Da Agosto a
Novembre del 2021 era risultato piuttosto difficile far valere le richieste di
proporre protezione internazionale su navi quarantena. Nonostante diverse pec
inviate e richieste in tanti troppi sono finiti in un CPR. Come Wissem Abdel
Latif.
Continuano ad essere in funzione ben 4 navi quarantena
(la GNV Azzurra, la SNAV Adriatico, la GNV Aurelia, la nave GNV Atlas), divise
tra i porti della Sicilia. Ed a Dicembre è uscito il nuovo bando per 5 navi che
possono “accogliere” anche persone che hanno attraversato i confini terrestri.
Le navi saranno quindi spostate anche in Friuli Venezia Giulia ed in Sardegna.
SI conoscono già i nomi dei vincitori: Aurelia, Splendid, Rhapsody, Adriatico e
Moby Dada. Il costo medio si aggira intorno a oltre 3 milioni di euro al mese
per nave. Una cifra con cui si potrebbe forse ricominciare a parlare di
un’accoglienza degna su terra. Invece no.

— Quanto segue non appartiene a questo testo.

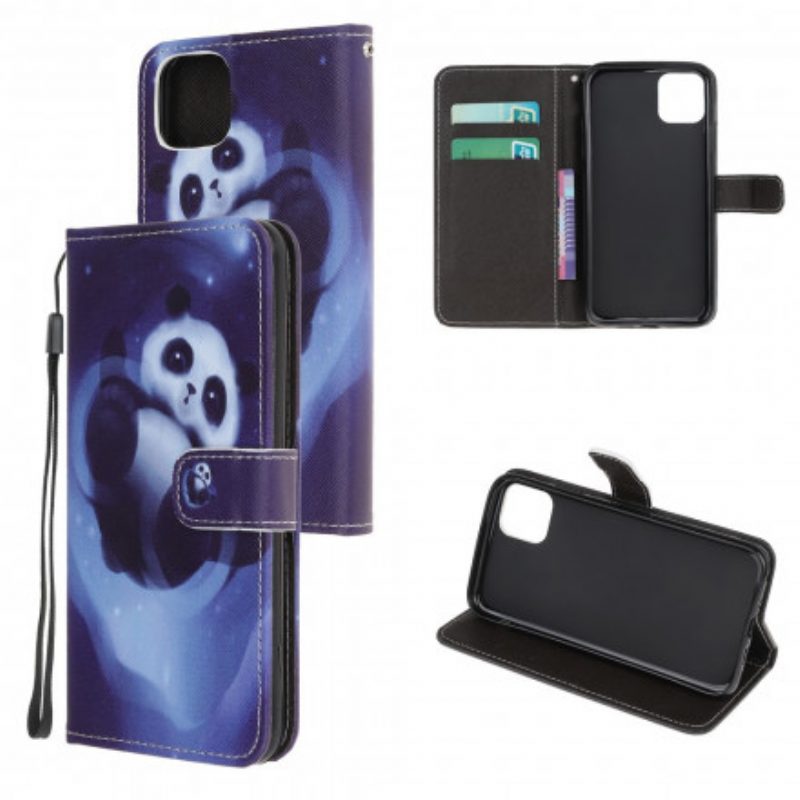 Custodia in pelle Samsung Galaxy A22 5G Panda Space Con Cordino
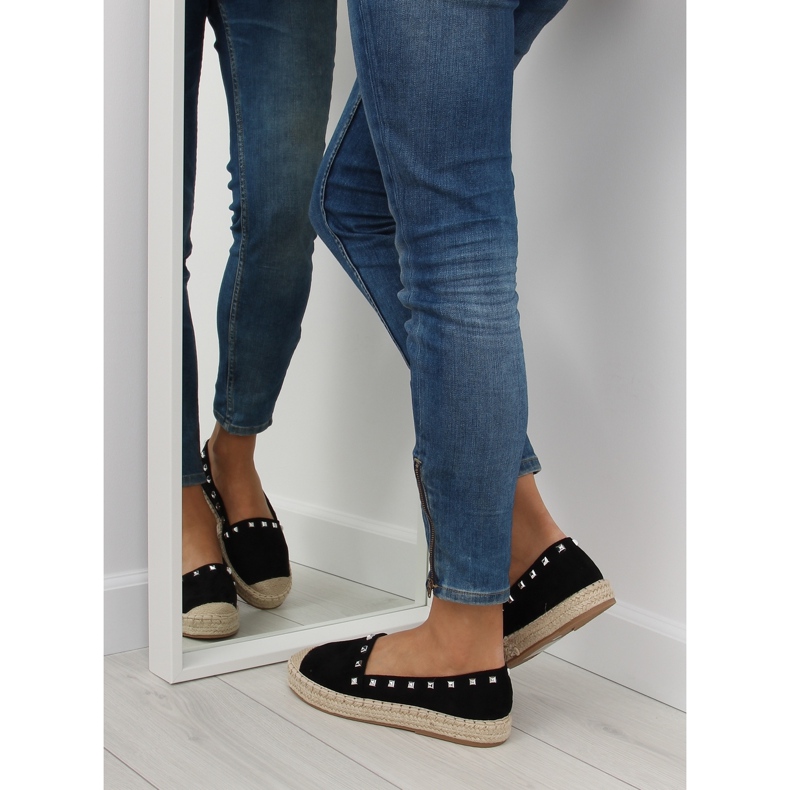 Espadrilles noires pour femmes 99-17 noir le noir 1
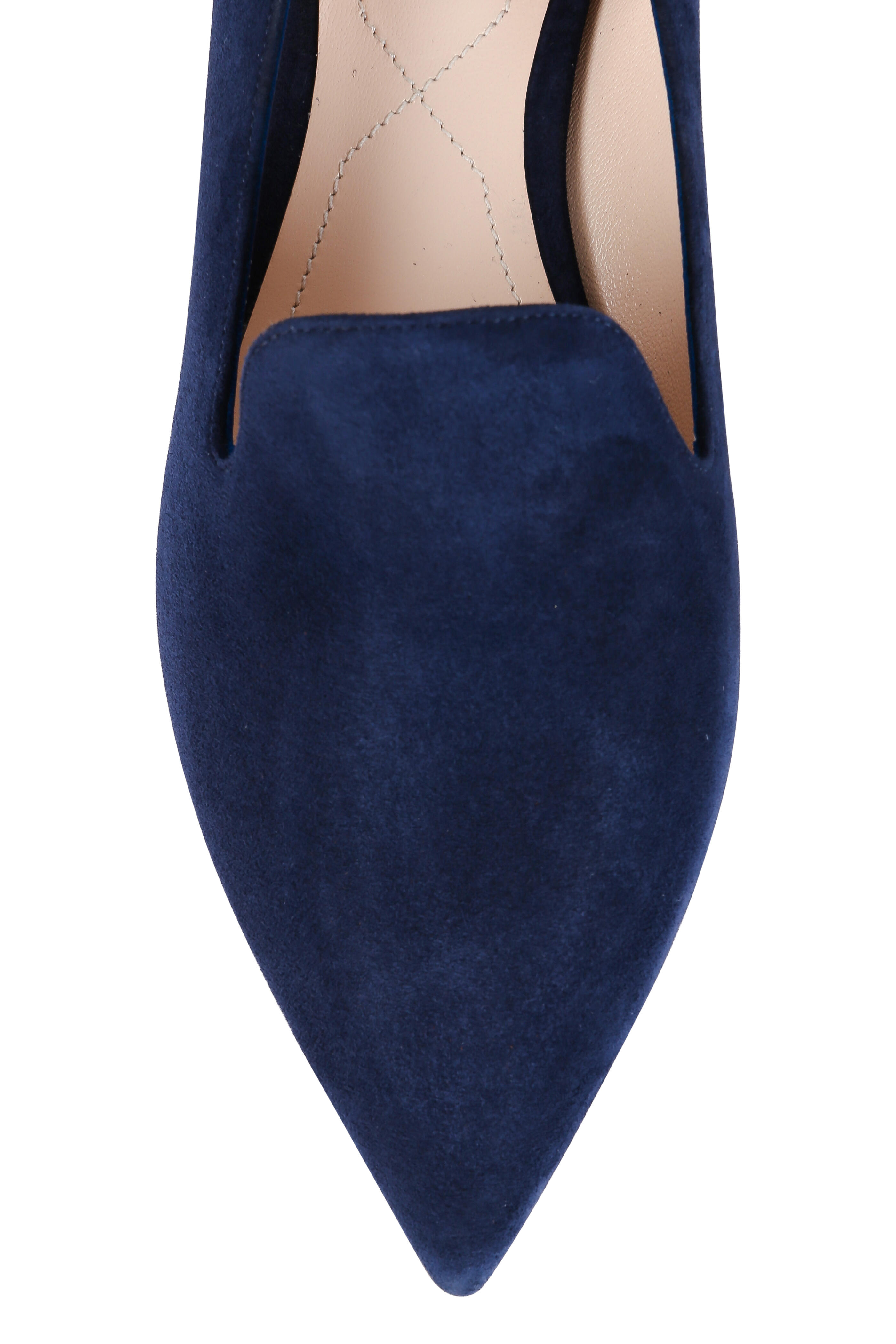 $750 Nicholas Kirkwood Ink Blue Suede Casati Pearl Loafers Size 36.5
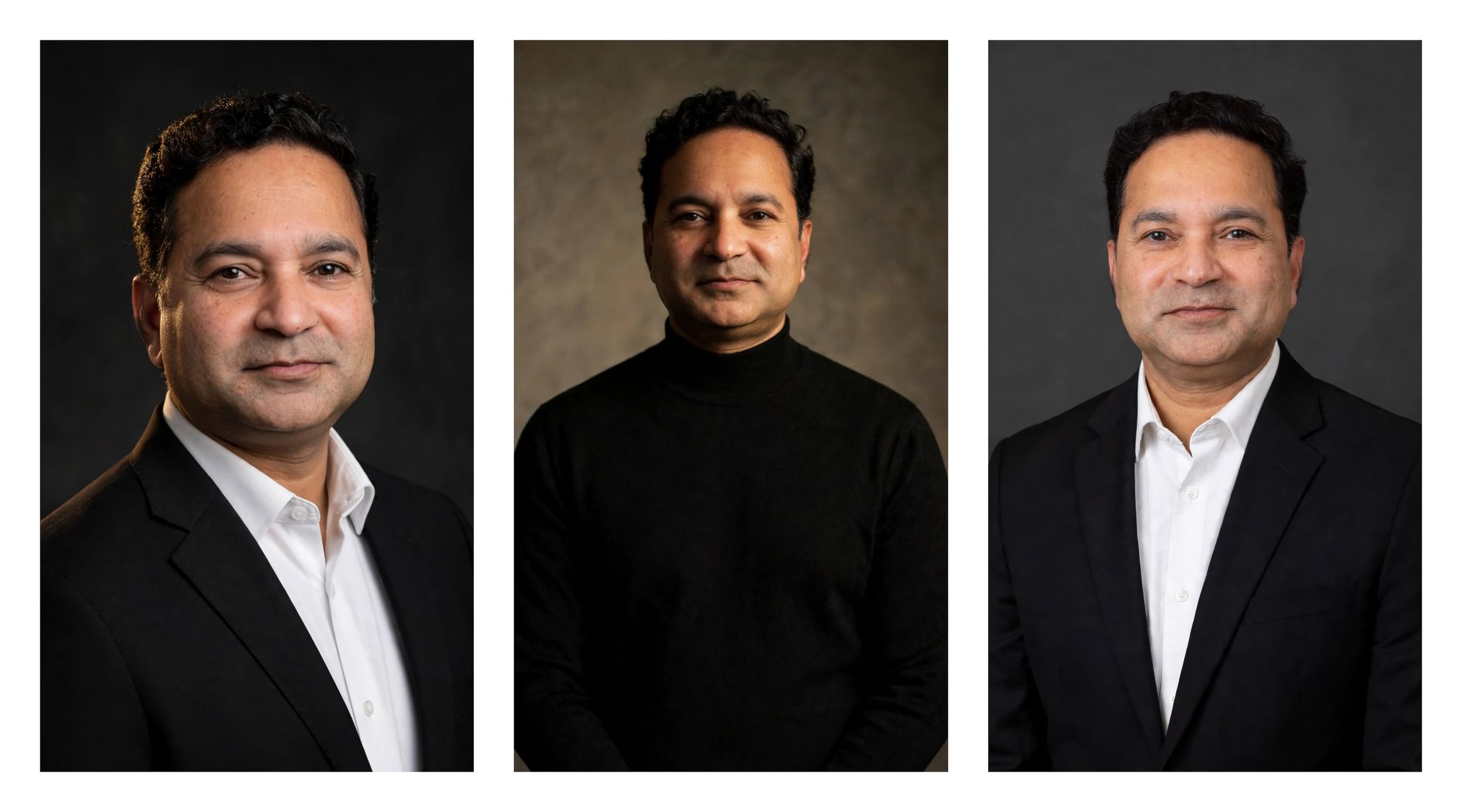 Three professional headshots of South Asian men in dark blazers and white shirts posed against dark studio backgrounds.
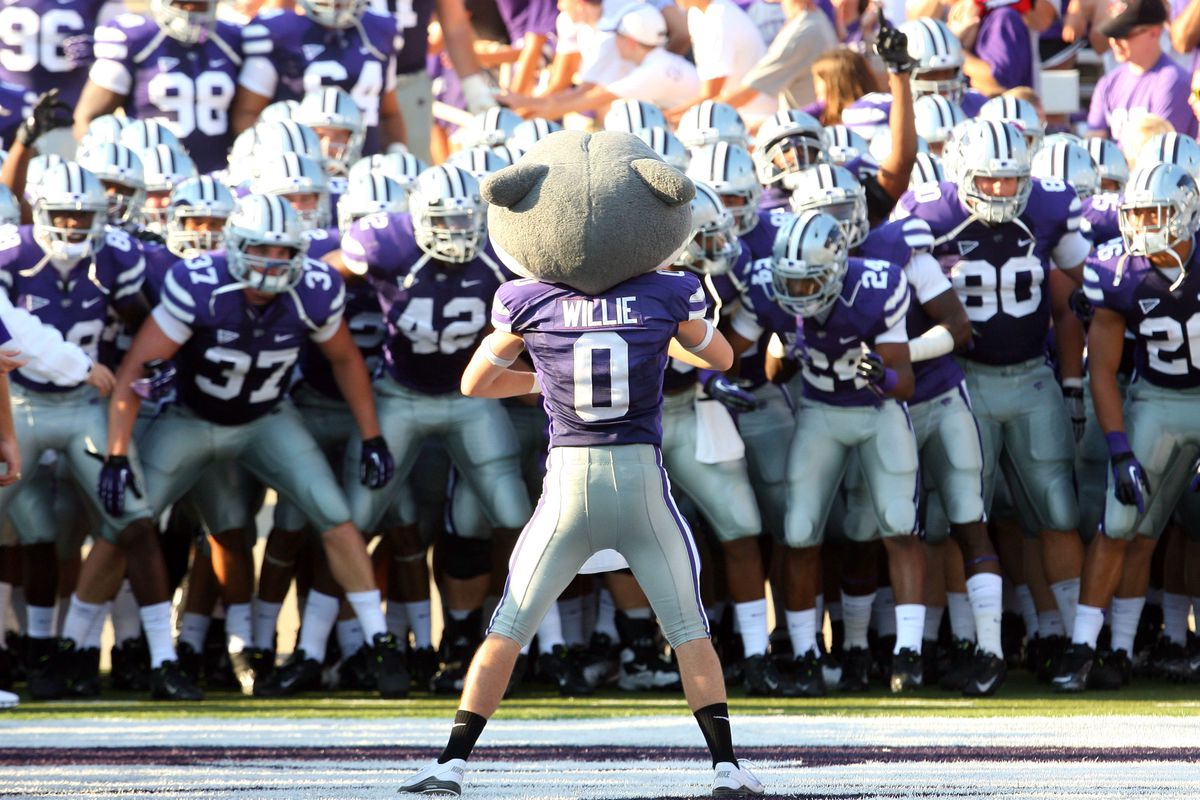 Sep 1, 2012; Manhattan, KS, USA; Kansas State University mascot Willie Wildcat waits to lead the football team onto the field before the start of a game against the Missouri State Tigers. Mandatory Credit: Scott Sewell-US PRESSWIRE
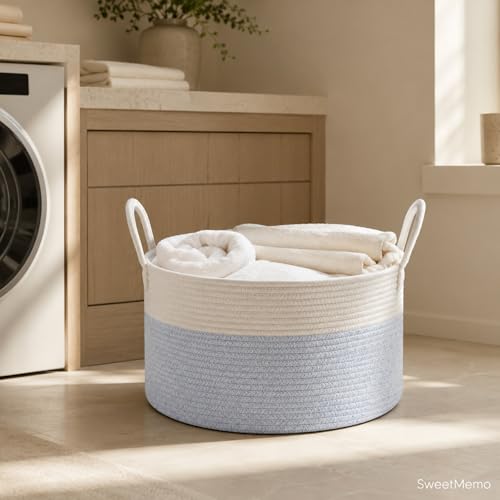 Extra Large Gift Basket Empty to Fill, 32L, Light Blue and White - color: White Blue, size: Large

Nel mese di Dicembre abbiamo seguito diversi casi
prevalentemente tunisini ed egiziani. Tra loro un gruppetto di tunisini che
arrivato a Pantelleria, dopo un giorno, è stato interamente trasferito al CPR
di Trapani, per una notte e poi su nave quarantena. Tra loro una donna
magrebina che è stata accolta nelle stesse stanze degli uomini dentro il CPR di
Trapani. “Non ho avuto problemi con nessuno, anzi hanno tutti cercato di
tranquillizzarmi, perché eravamo in un carcere e non sapevamo perché”. La donna
era in precedenza in Italia prima con un permesso per motivi familiari, poi per
lavoro e poi con un pse per disoccupazione. Una spirale discendente che l’ha
portata ad una situazione di irregolarità e disagio e quindi ad
un’espulsione nel suo paese. Secondo le norme vigenti a suo carico ora vi è un
reato per reingresso. Secondo noi è giustamente tornata nel Paese che in ogni
modo l’aveva relegata ai margini, imponendole un lavoro durissimo ed una
regolarizzazione pressoché impossibile. Con la nuova normativa, l’art. 19, può
battersi ora per ottenere giustizia. Sono tanti che per lo stesso reato vengono
rispediti indietro o incarcerati, senza mai riuscire a vedere nemmeno
lontanamente un soffio di giustizia.
Il CPR di Trapani Milo ha sempre avuto questa forma
ambivalente: prima cie, poi cpr, poi hotspot, poi di nuovo cpr, poi chiuso, poi
aperto come cpr ancora. In tanti cambiamenti effettivamente si può generare
della confusione.
Ci chiediamo quante volte sia accaduto questo
passaggio “d’urgenza” perché non si sapeva dove mettere le persone, poiché,
magari, le condizioni climatiche avverse non davano la possibilità alla nave di
attraccare al porto o per chissà quali altri problemi, come la mancanza di
posti in accoglienza.
L’unico elemento positivo in questo periodo di fine
anno 2021 è stato che tutti i tunisini e gli egiziani (circa 150) segnalati
hanno di fatto potuto chiedere la protezione ed essere accolti, a differenza
dei precedenti. A differenza di Wissem che ha trovato il CPR e poi è morto
legato ad un letto del reparto psichiatrico del San Camillo a Roma, il 28
dicembre. Proprio oggi avrebbe compiuto 27 anni.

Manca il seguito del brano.